Every generation has its “These kids today” moments. When my parents were young, they couldn’t watch Elvis from the waist down. The holders of morality for that generation were afraid that Rock-and-Roll would destroy a generation. Post Elvis, there was the Beatles and their “long” hair. Along the years we experienced the Rolling Stones, Blondie, Grandmaster Flash, Devo, and about a thousand others. “These kids today” of every generation survived the onslaught of Jazz, Rock-and-Roll, Rhythm and Blues, New Wave, Hair Bands, Grunge, Alternative, Hip Hop, Rap and everything in between. They survived the movies, television shows, comic books, concerts and Playboy and emerged on the other side as fully formed adults who broke the sound barrier, flew to the moon, and invented everything from microchips to Velcro. They became artists and doctors and rebels and politicians as well as plumbers and masons and electricians. They raised families and watched their kids do better than they did. And we look at today’s “These kids today” (TKT) and weep for the future. Why? What has changed?
The Blame Game
It is easy to blame the media but it is unfair to blame any one medium for the ruination of this year’s graduating class. But when a child is walking, talking, media showcase, how can his teachers compete for his attention? I have six students in here with me now. They have an assignment and they know what to do and when the deadline is. All six are either on a computer or sharing one. From here I can see two screens are on Facebook and the other two are playing games. (Might sound like bad classroom management but part of the assignment is to meet deadlines and then, if the deadlines aren’t met, to analyze and problem solve the breakdown of the group dynamic.) I see two cell phones out and texting and I can hear another one vibrating in a pocket. All six kids have headphones on and are listening to their MP3 players. It’s not one medium that is making it hard, it’s all of them.

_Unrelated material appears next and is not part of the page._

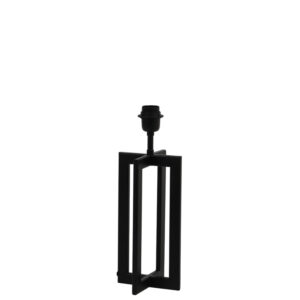 Light & Living Mace tafellamp – Niet verstelbaar – E27 (grote fitting) – Zwart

Yes. I understand that my kids are breaking the rules and wasting their time. Yes. I know that I should march up and down and gently reinforce the importance of education and cajole them into getting back on task. I should know each and every one of them by name, understand their home situation, know what each one wants to be when grown and make damned sure they have the tools they need to get there. But I’m tired. I am tired because I know that after the bell rings and I return from a half-hour of bus duty, I have another hour’s worth of work to do, a long commute home, a family of my own to engage, dogs to walk, papers to grade, lesson plans to rework, bills to pay and errands to run. I can’t get my own kid to decide what she wants to be when she grows up and she is already in her first year of college. College that she is only able to attend because of scholarships and grants. All of this and I am still expected to care more about the education of these six kids than they do or their parents do.
But I can’t compete with iPods and TV shows and Facebook and Video Games, all of which are now available in portable form. When I was one of “these kids today”, my music was on 12″ vinyl records or eight-tracks that required a player the size of a cinder block. My phone was attached to the wall with a 12 foot cord. The school’s computer required punch cards and Video Games were as exciting as…uhm…Pong. But they did require more of a commitment because I had to drive to the mall to play them, a quarter at a time.
But I Digress
I am not suggesting that we actually write these kids off. They are, for the most part, good kids who did not get our best collective effort. There were too many boutique math options, too many feel-good moments and too many politicians involved in their education along the way. All of these chefs worked this stew and no one ever questioned if they knew how to cook. The result is a generation of kids who were sent mixed signals, alternating curricula and tested to the brink of distraction. They were told to succeed by people who no idea what success should look like. They have been trained to memorize but not to think and, as a result, they require their education to come in concise, easy to memorize facts and figures and they become flustered and uncomfortable when asked to reason or infer. It’s not their fault but we have to help them graduate the very best that they can, fill out their FAFSA Scholarship forms and hope that their colleges and universities and employers can sort things out.
But in my solution, the fix begins in Kindergarten. Not high school.